Francisco Simeão é o criador do programa Rodando Limpo, que já recolheu do
meio ambiente e reciclou de forma ambientalmente adequada mais de 8,5
milhões de pneus inservíveis. Nessa entrevista, ele revela novas
perspectivas para esta ação.
AmbienteBrasil – Como nasceu a idéia do programa Rodando Limpo e quando ele
foi lançado?
Francisco Simeão Rodrigues Neto - Em 1998, elaboramos texto/sugestão de
Resolução, que levamos pessoalmente ao Conselho Nacional do Meio Ambiente
(Conama), em reunião plenária, sugerindo que lá fosse formado um grupo de
trabalho para avaliar a oportunidade de sua edição.
Constituído o Grupo de Trabalho sugerido, dele participamos
voluntariosamente até que fosse estabelecido texto consensual, para ser
levado à apreciação de todos os Conselheiros, em reunião plenária.
Precedente à reunião citada, conversamos com a maioria dos conselheiros de
cada Estado, procurando com nossos argumentos demonstrar a eles que a
exigência de contrapartida ambiental proposta era viável de ser cumprida e
seu cumprimento da parte de importadores e fabricantes de pneus, igualmente,
seria a solução para o problema do lixo-pneu e também um passo
importantíssimo para erradicar a dengue no Brasil.
AmbienteBrasil – E a receptividade à proposta?
Francisco - Culminou com a Resolução Conama nº 258/99 sendo aprovada em
26.08.99 (DOU 02.12.99).
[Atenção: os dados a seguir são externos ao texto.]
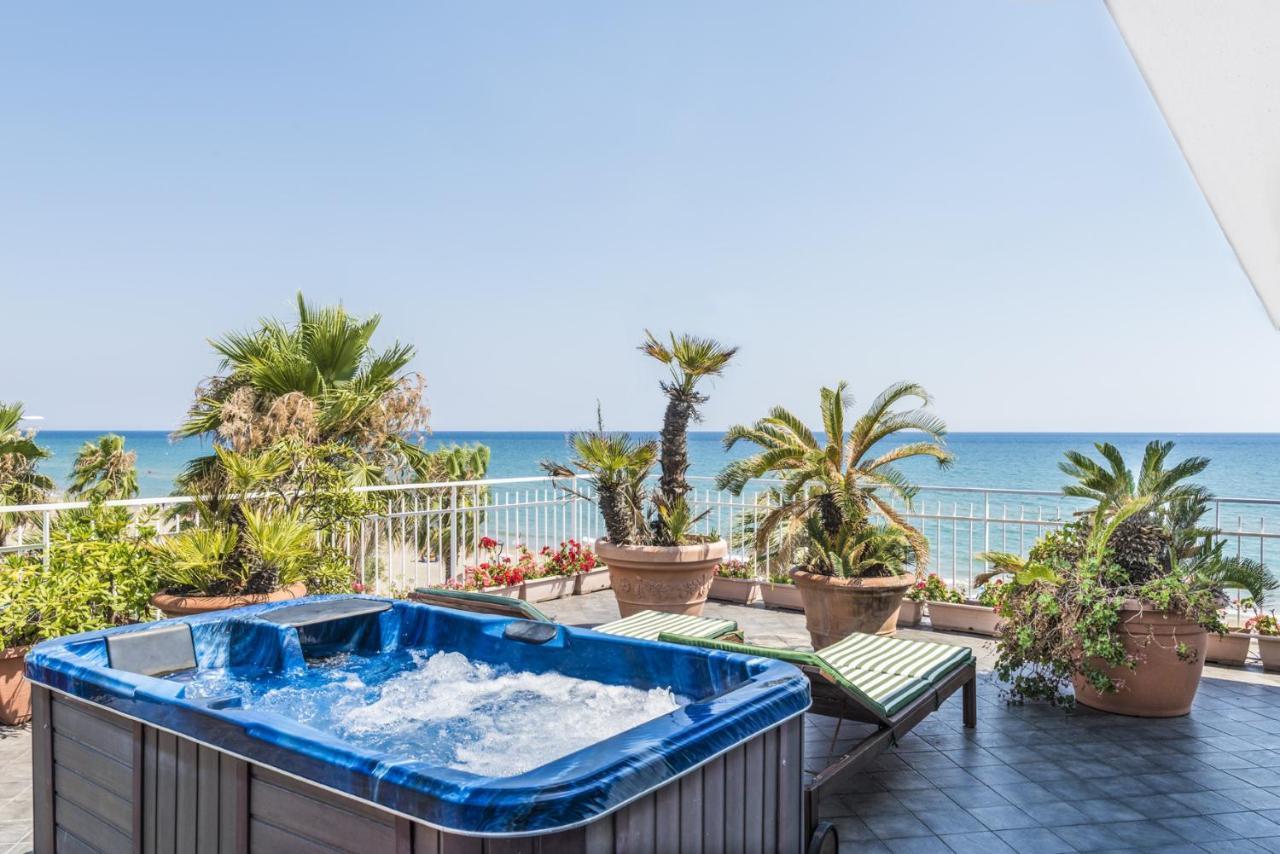 Hotel Ristorante Centosedici Terracina Dış mekan fotoğraf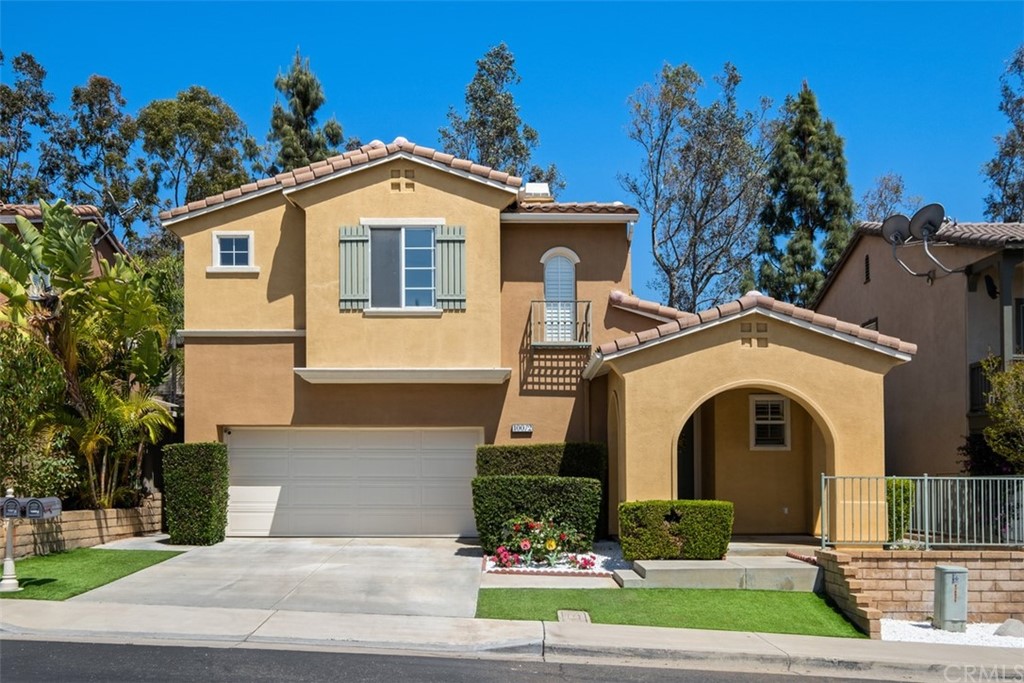 10072 Albee Avenue Tustin, CA 92782 - Photo 5 of 41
Ela estabeleceu a obrigação aos importadores e
fabricantes de, em síntese, coletar no território brasileiro e destruir, de
forma ambientalmente adequada, um pneu para cada outro colocado no mercado
brasileiro, obrigação esta exigida a partir de primeiro de janeiro de 2002,
para que as empresas responsabilizadas tivessem tempo de se adequar.
Foi quando nos demos conta de que os debates sobre pneus velhos promoviam
uma incandescência rara em qualquer fórum, chamando a atenção da sociedade.
A partir de tal percepção, decidimos utilizar o tema “pneus velhos” como
alavanca para chamar a atenção das comunidades, incluindo a coleta de outros
resíduos sólidos, tudo através de coletadores organizados em associações
constituídas com nossa ajuda, muitos deles tornando-se verdadeiros agentes
de saúde e da defesa do meio ambiente honorários, que esclarecem às donas de
casa as tarefas - todas simples - que devem ser realizadas para o efetivo
combate do mosquito Aedes aegypti, que transmite a dengue e a febre amarela
urbana.
AmbienteBrasil – Qual foi a primeira experiência concreta do projeto?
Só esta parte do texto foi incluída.